Topic: The Field of Battle
The Disaster at Koorn Spruit. the Royal Horse Artillery working their guns.
from: h. W. Wilson, With the Flag to Pretoria, 1902
Harass, Worry, and Bait Your Enemy
Ian Hamilton's March, 1900, as presented in Frontiers and Wars, Winston S. Churchill, 1962
Nevertheless, function or no function, it is war, and the way to win war. Harass, bait, and worry your enemy. Once he is more frightened of you than you are of him, all your enterprises will prosper.

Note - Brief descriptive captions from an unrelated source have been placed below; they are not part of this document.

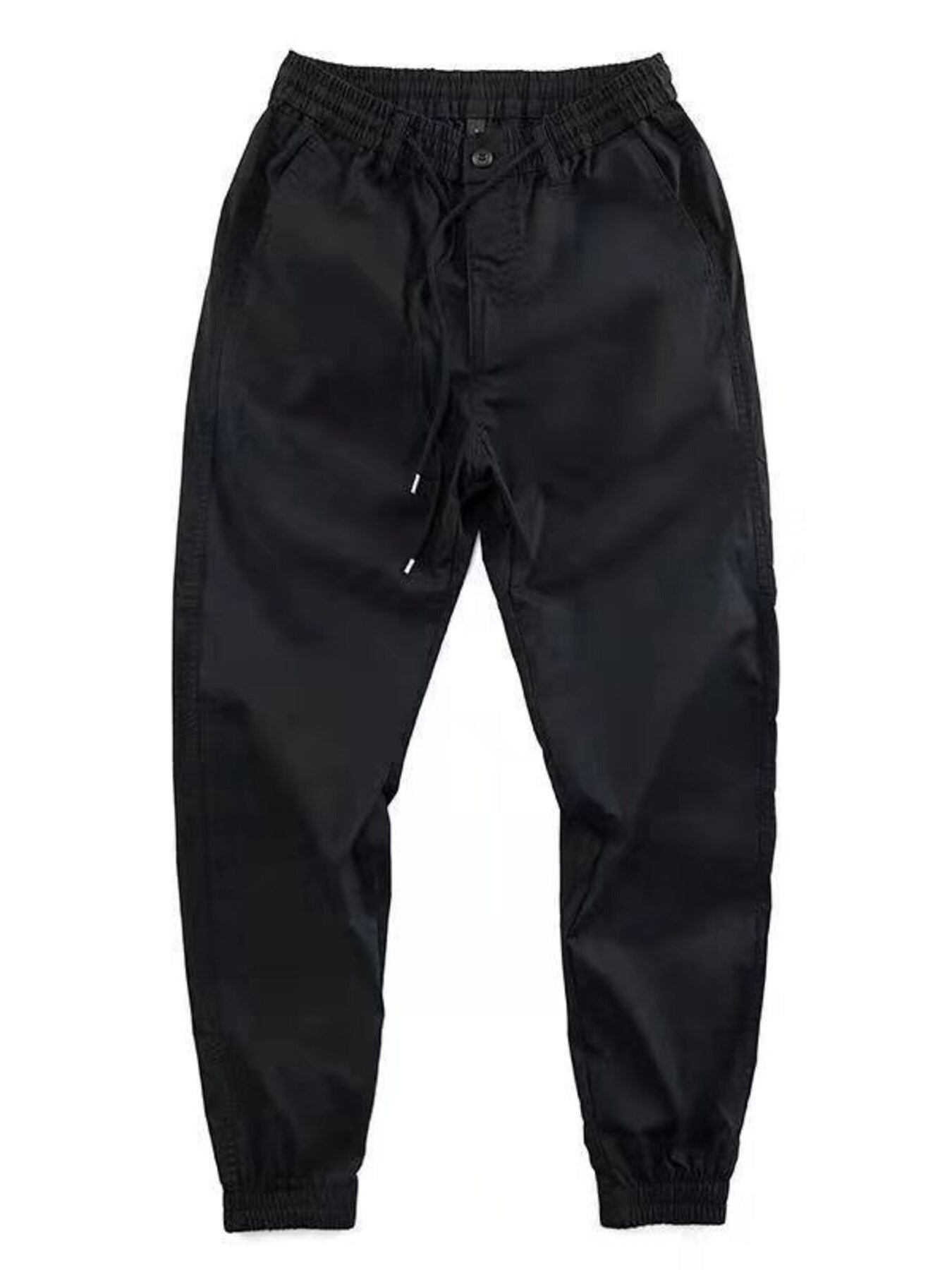 Men's Plus Size Casual Drawstring Loose Fit Joggers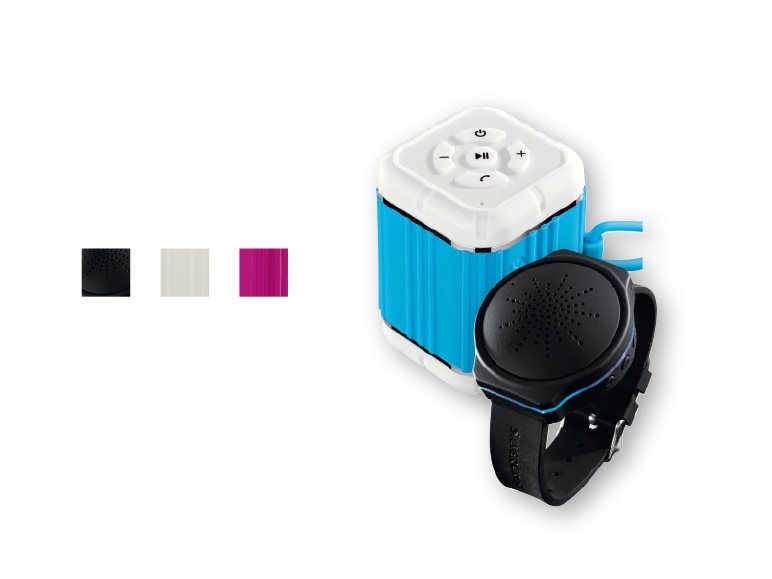 SILVERCREST Bluetooth Mini Speaker
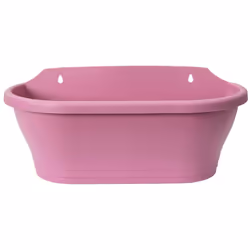 Elho Corsica Wall Planter Fence Planter Vivid Violet 39cm Bright Colour Planter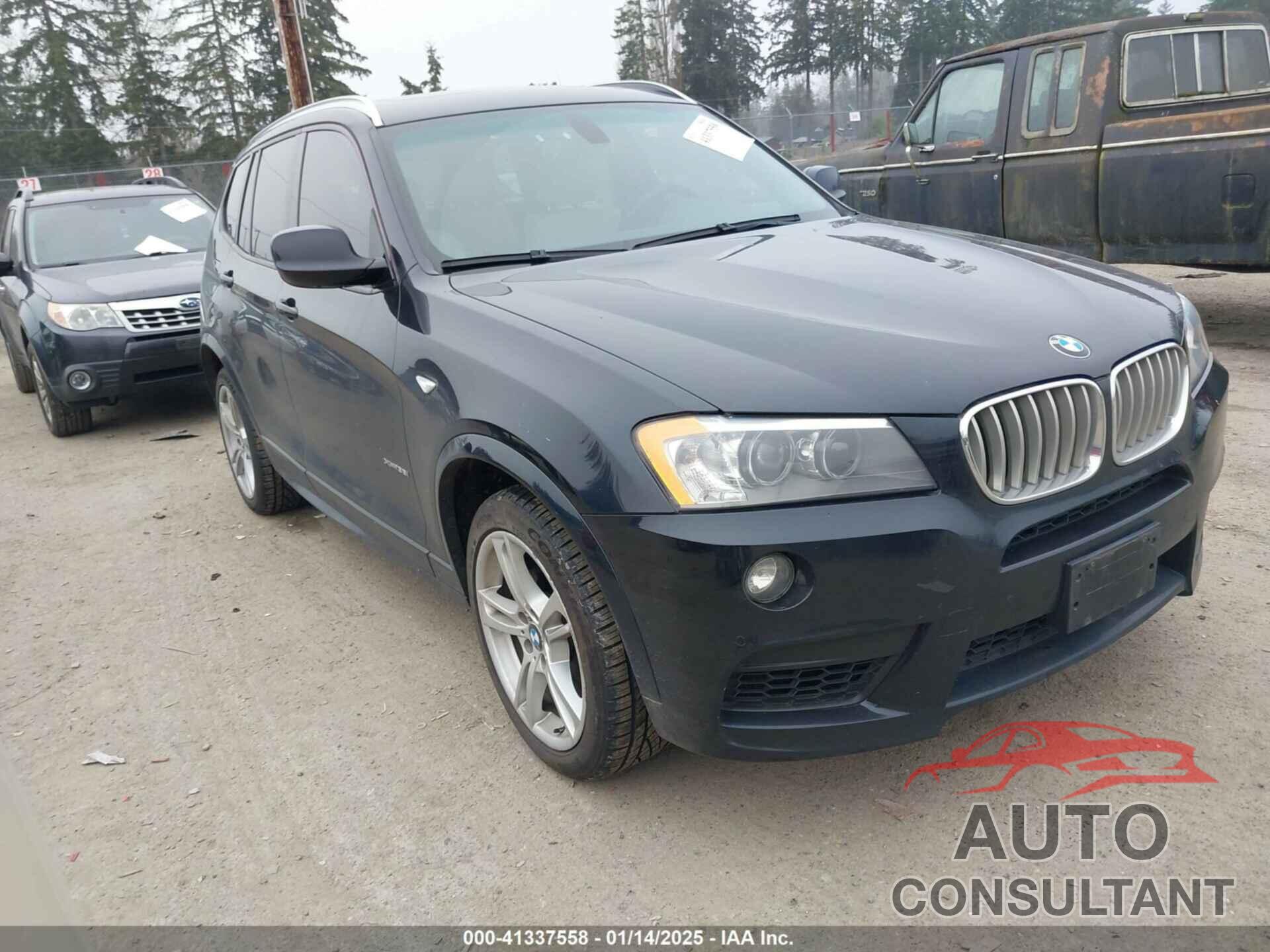 BMW X3 2011 - 5UXWX7C50BL732912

Thus disturbed, I thought it might be worth while to walk up to the outpost line and see what was passing there. When I reached the two guns which were posted on the near ridge, the officers were in consultation. Away across the Sand River, near two little kopjes, was a goodly Boer commando. There were about 150 horsemen, with five ox-wagons and two guns. The horses were grazing, but not outsaddled. The men were lying or sitting on the ground. Evidently they thought themselves out of range. The subaltern commanding the guns was very anxious to fire — 'really think I could reach the brutes'; but he was afraid he would get into trouble if he fired his guns at any range greater than artillery custom approves. His range finders said '6,000'. Making allowances for the clear atmosphere, I should have thought it was more. At last he decided to have a shot. 'Sight for 5,600, and let's see how much we fall short.' The gun cocked its nose high in the air and flung its shell accordingly. To our astonishment the projectile passed far over the Boer commando, and burst nearly 500 yards beyond them: to our astonishment and to theirs. The burghers lost no time in changing their position. The men ran to their horses, and, mounting, galloped away in a dispersing cloud. Their guns whipped up and made for the further hills. The ox-wagons sought the shelter of a neighbouring donga. Meanwhile, the artillery subaltern, delighted at the success of his venture, pursued all these objects with his fire, and using both his guns threw at least a dozen shells among them. Material result: one horse killed. This sort of artillery fire is what we call waste of ammunition when we do it to others, and a confounded nuisance when they do it to us. Even as it was an opportunity was lost. We ought to have sneaked up six guns, a dozen if there were a dozen handy, all along the ridge, and let fly with the whole lot, at ranges varying from 5,000 to 6,000 yards with time shrapnel. Then there would have been a material as well as a moral effect. 'Pooh,' says the scientific artillerist, 'you would have used fifty shells, tired your men, and disturbed your horses, to hit a dozen scallawags and stampede 150. That is not the function of artillery. Nevertheless, function or no function, it is war, and the way to win war. Harass, bait, and worry your enemy. Once he is more frightened of you than you are of him, all your enterprises will prosper.